Bylaws of Japan Society for Southeast Asian Studies
Established and effective November 11, 1966
Revised June 10, 1984
Revised December 1, 2002
Revised June 13, 2004
Revised December 12, 2004
Revised June 11, 2006
Revised November 30, 2008
Revised November 23, 2019
Article 1 (Name)
The name of the Society is the Japan Society for Southeast Asian Studies.
Article 2 (Office)
- The Society shall have its principal office at its headquarters (school).
- The headquarters (school) shall be set up at a university or other educational institution designated by the President.
Article 3 (Objective)
The goal of the Society is to promote and disseminate Southeast Asian studies.
Article 4 (Projects)
To achieve the goal stipulated in Article 3, the Society pursues the following projects:
(1) Journal publication
(2) Holding conferences for research and research presentations
(3) Holding plenary meetings
(4) Other relevant projects
Article 5 (Member Classes)
The Society shall consist of the following two classes of members.
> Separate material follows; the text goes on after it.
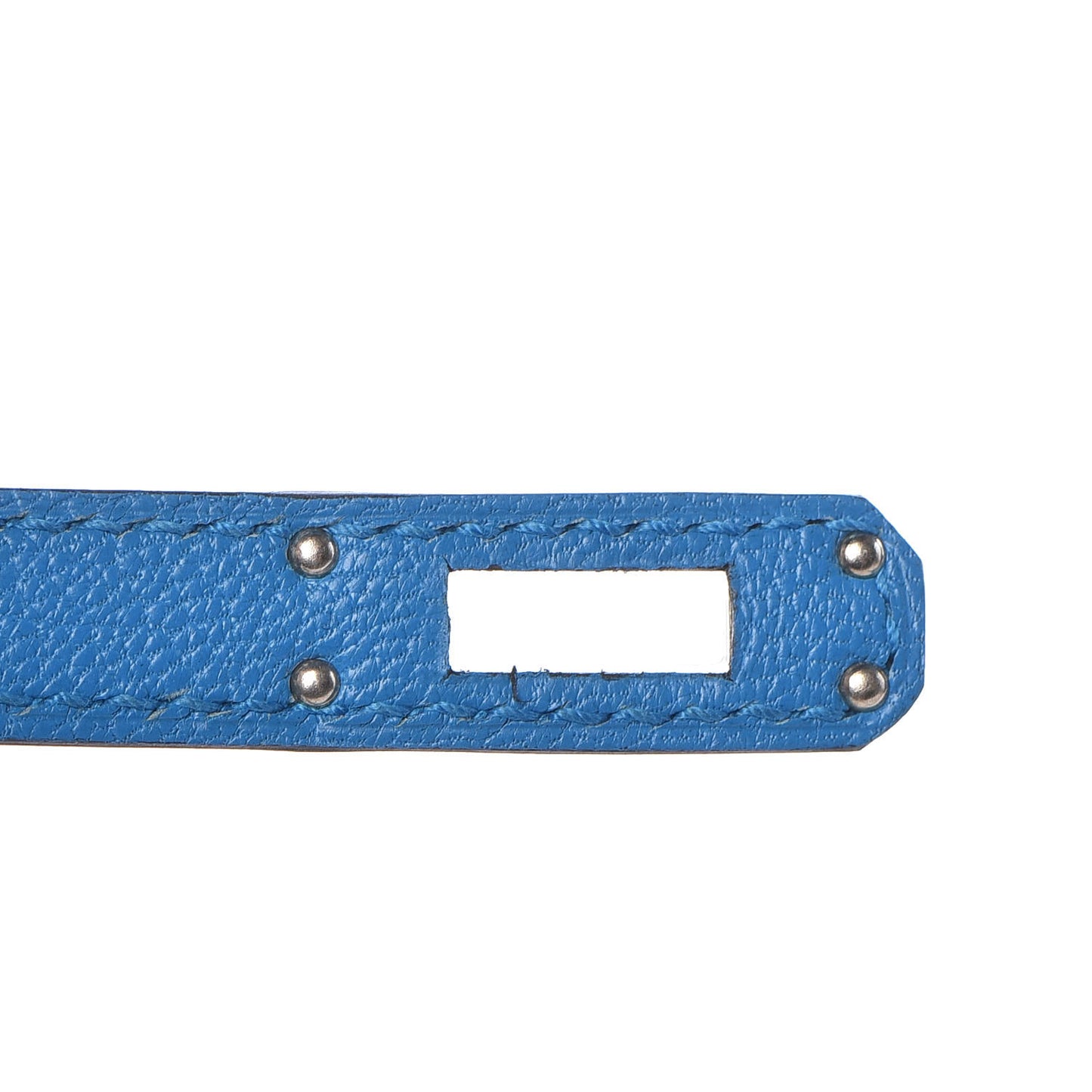 Chevre Chandra Kelly Sellier 25 Bleu Zanzibar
(1) Regular member: An individual who endorses the objective of the Society and has paid his/her membership fee
(2) Special member: An individual or organization admitted to become a member at a plenary meeting to support the Society in pursuing its projects
Article 6 (Membership Fee)
- Society members are required to pay their membership fee.
- The amount of the membership fee shall be determined at a plenary meeting.
Article 7 (Classes and Numbers Appointed)
The Society shall have the following board members.
(1) Directors: up to 24
(2) Auditors: 2
(3) President: appointed from among the directors.
Article 8 (Elections and Other Matters)
- The board members of the Society shall all be appointed from among the regular members and approved at a plenary meeting.
- Of the directors, eighteen (18) shall be elected by regular members casting votes by secret ballot.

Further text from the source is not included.